How to make the most out of your assets on DeFiChain

DeFiChain often uses the slogan “Go beyond HODLing.” HODLing is great as it allows you to take a long-term view of your assets. But why let your investment just lay around without any usage when you can make them work to earn additional rewards for you - all with the security and convenience of the DeFiChain wallet?

On DeFiChain, there are two main ways to let your investments work for you - Liquidity mining and Staking. 

Liquidity Mining

With liquidity mining, you lend your assets to the decentralized exchange (DEX) and receive DFI & commission fees in return. You help to build up a “trading”-pool like dTSLA/DUSD and provide liquidity so others can swap their dTSLA for DUSD or vice versa.

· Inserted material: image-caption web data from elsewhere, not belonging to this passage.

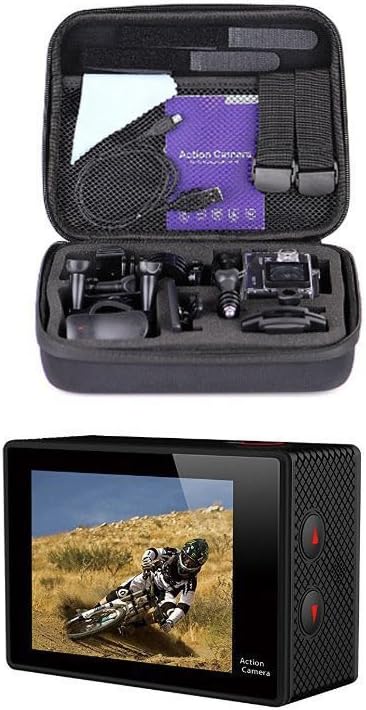 Haojue TM 2" LCD WIFI 1080P Waterproof 30M H.264 Full HD Action Camera, 2pcs Batteries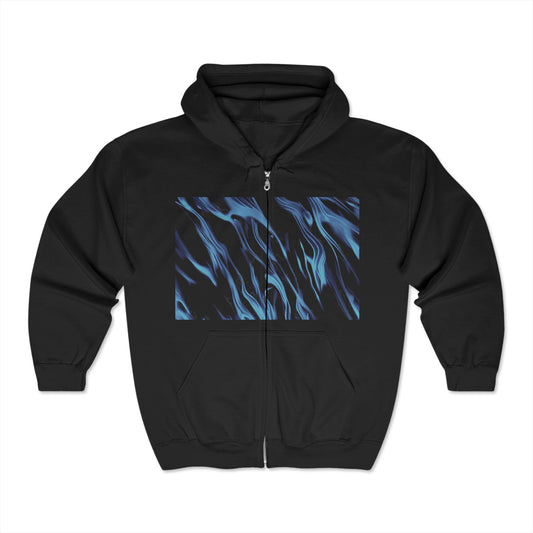 RIVERINE - Heavy Blend Zip Hoodie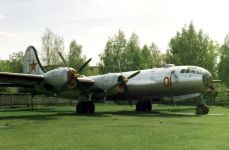 Дальний стратегический бомбардировщик Ту-4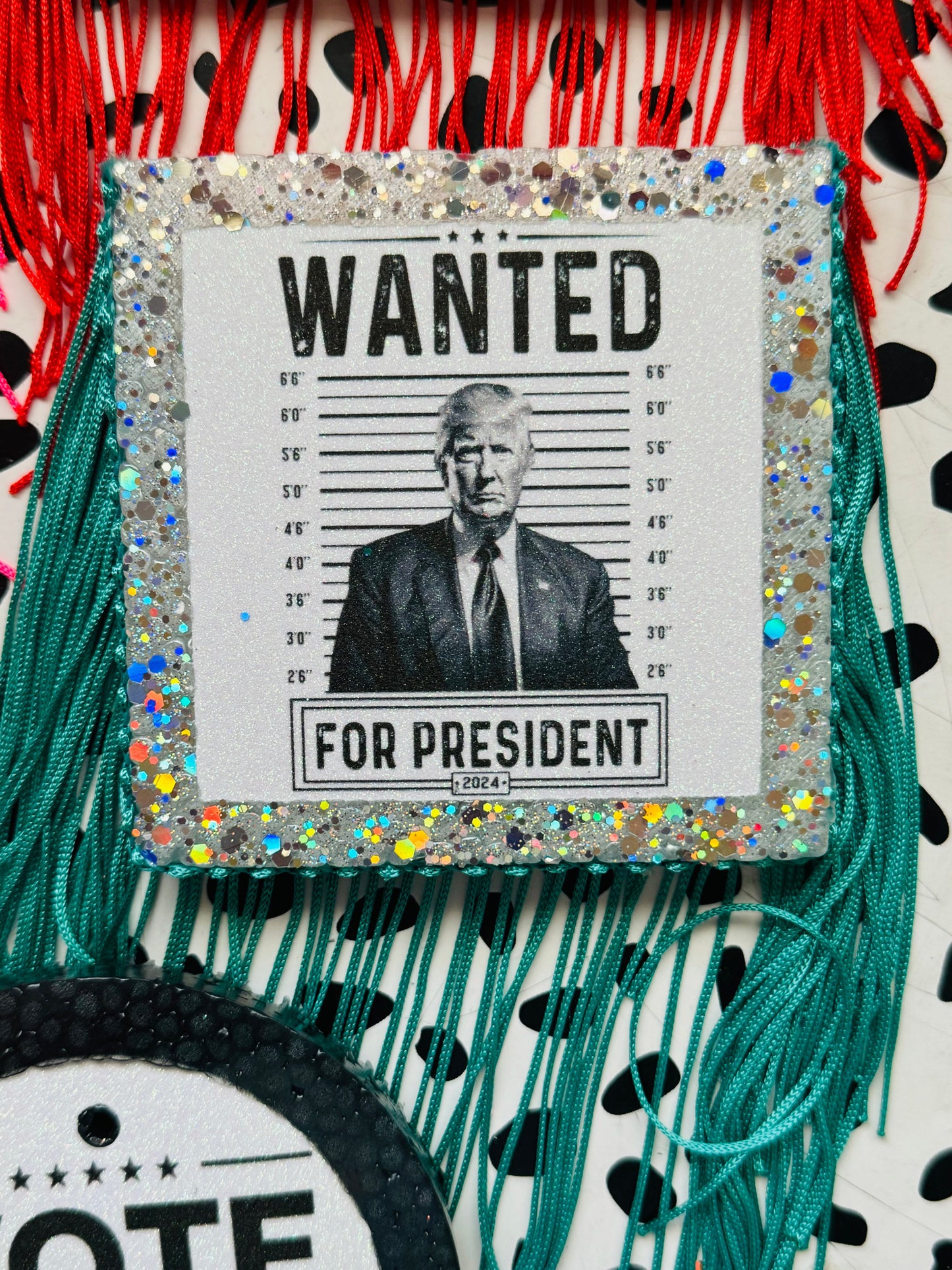 Wanted for President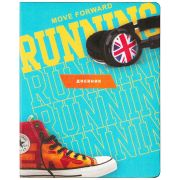 Дневник 1-11 кл. 48л. ЛАЙТ BG «Teenager», иск. кожа, печать, ляссе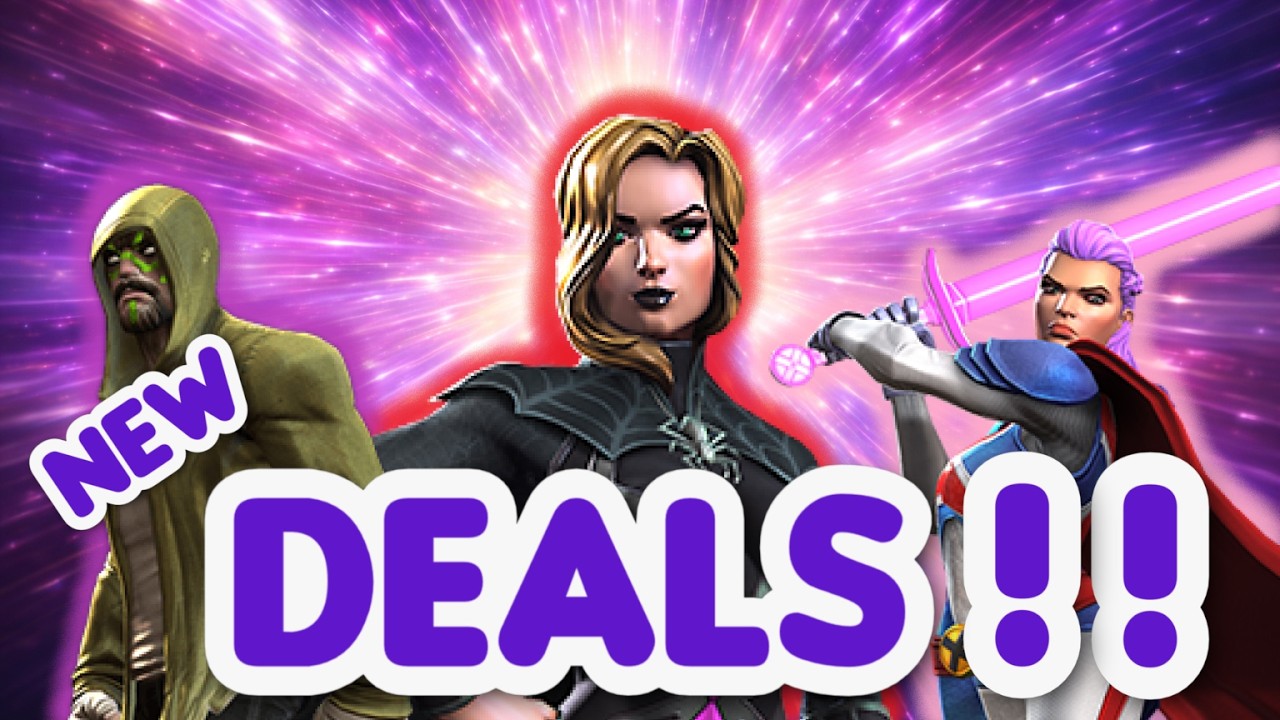 🔴💵NEW Valentine's Deals!! PLZ Kabam!💵🔴 -LIVE MCOC-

Liquidity mining is needed on any DEX to build up huge liquidity pools and enable decentralized trading. Liquidity Mining can be done with cryptocurrencies or dTokens. There are over five dozen liquidity pools available on the DeFiChain DEX. While the cryptocurrencies are paired with DFI, the dAssets trade with DUSD as a pair. 

Staking

In a Proof-of-Stake blockchain, you stake the native token to process transactions and keep the blockchain secure. Token holders are incentivized to help support the network. By staking your crypto, you earn rewards without having to sell them.  

There are two ways to stake your DFI tokens: the decentralized or via a third-party staking service provider. You can stake in a fully decentralized way by creating a masternode with 20,000 DFI. If you don’t know how to run a masternode or don’t want to deal with the technical hussle behind it, you can stake your DFI tokens on CakeDeFi or DFX.